WHAT YOU WILL DO | All pictures are to be omitted while the lines starting at the line with "Hall, E: Alice Robertson." and ending at the line with "A Brief Atlas" in the material below are retyped exactly, both ends included.

MATERIAL FOR THE TASK |
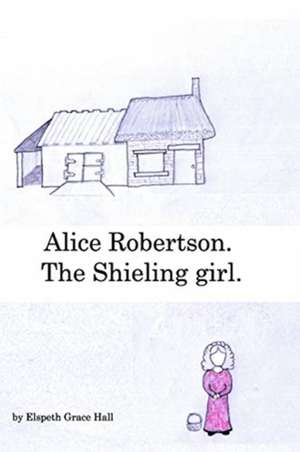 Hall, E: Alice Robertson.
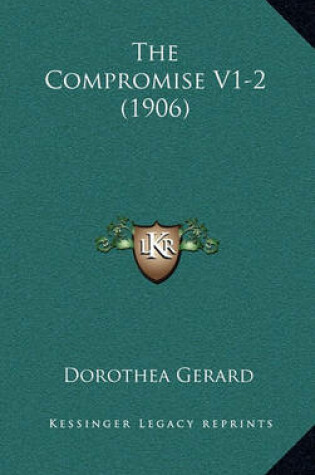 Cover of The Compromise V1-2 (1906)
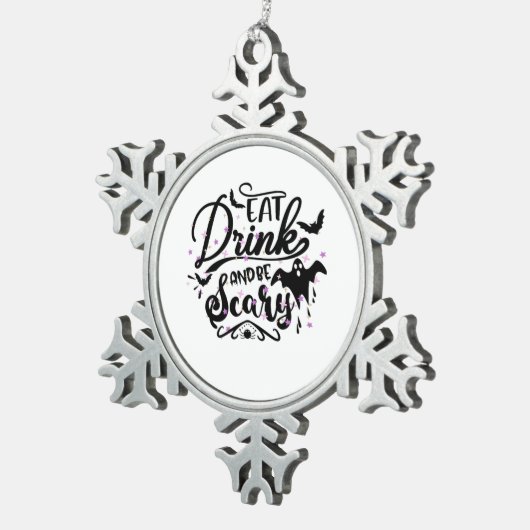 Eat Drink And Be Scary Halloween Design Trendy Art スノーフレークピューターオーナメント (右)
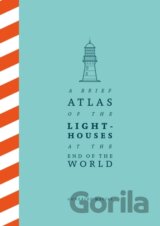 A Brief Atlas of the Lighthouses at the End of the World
--
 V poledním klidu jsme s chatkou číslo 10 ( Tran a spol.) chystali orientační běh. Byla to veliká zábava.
==
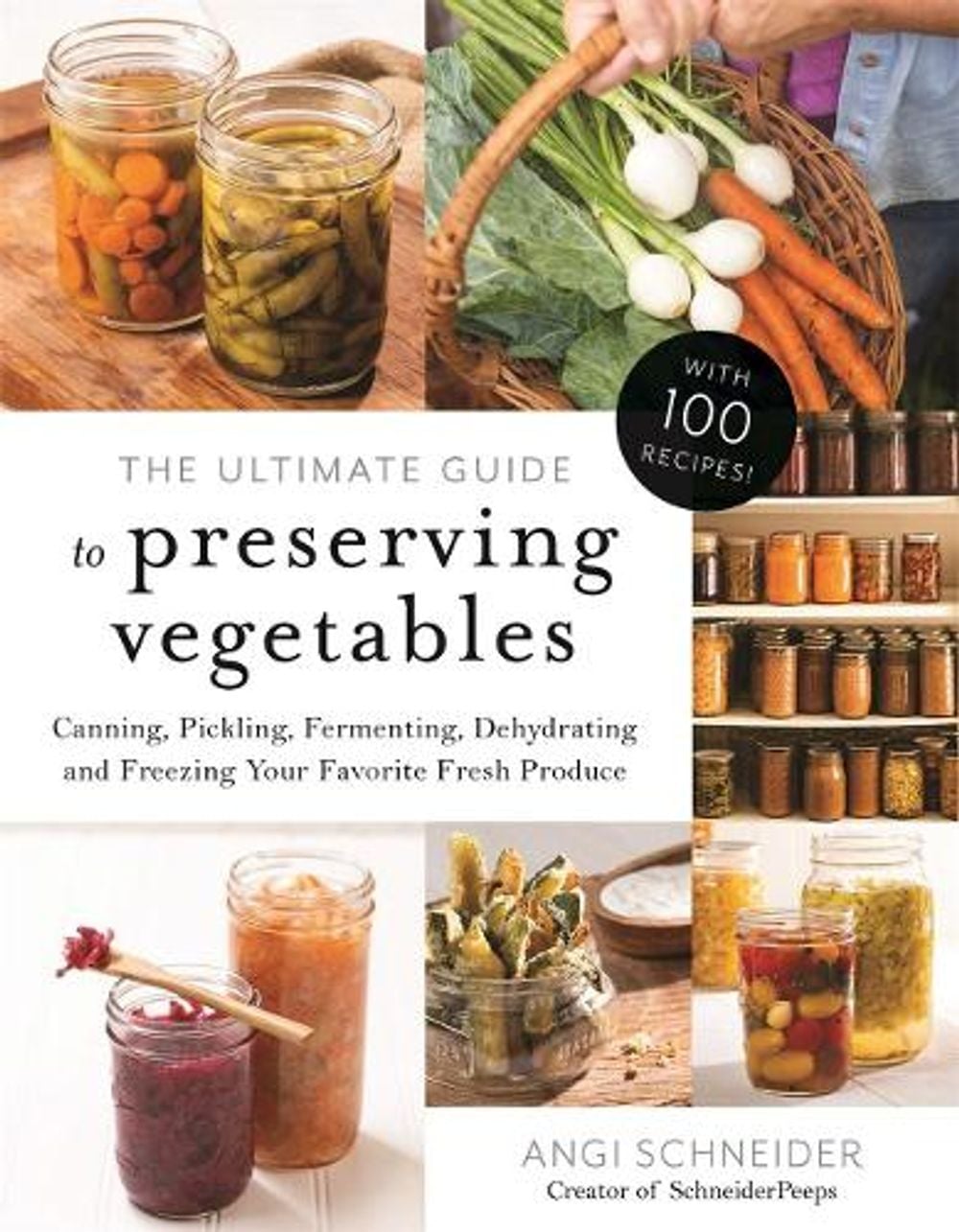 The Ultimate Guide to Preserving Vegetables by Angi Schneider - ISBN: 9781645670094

ANSWER TO THIS EXERCISE |
 Hall, E: Alice Robertson.
 Cover of The Compromise V1-2 (1906)
 Eat Drink And Be Scary Halloween Design Trendy Art スノーフレークピューターオーナメント (右)
 A Brief Atlas of the Lighthouses at the End of the World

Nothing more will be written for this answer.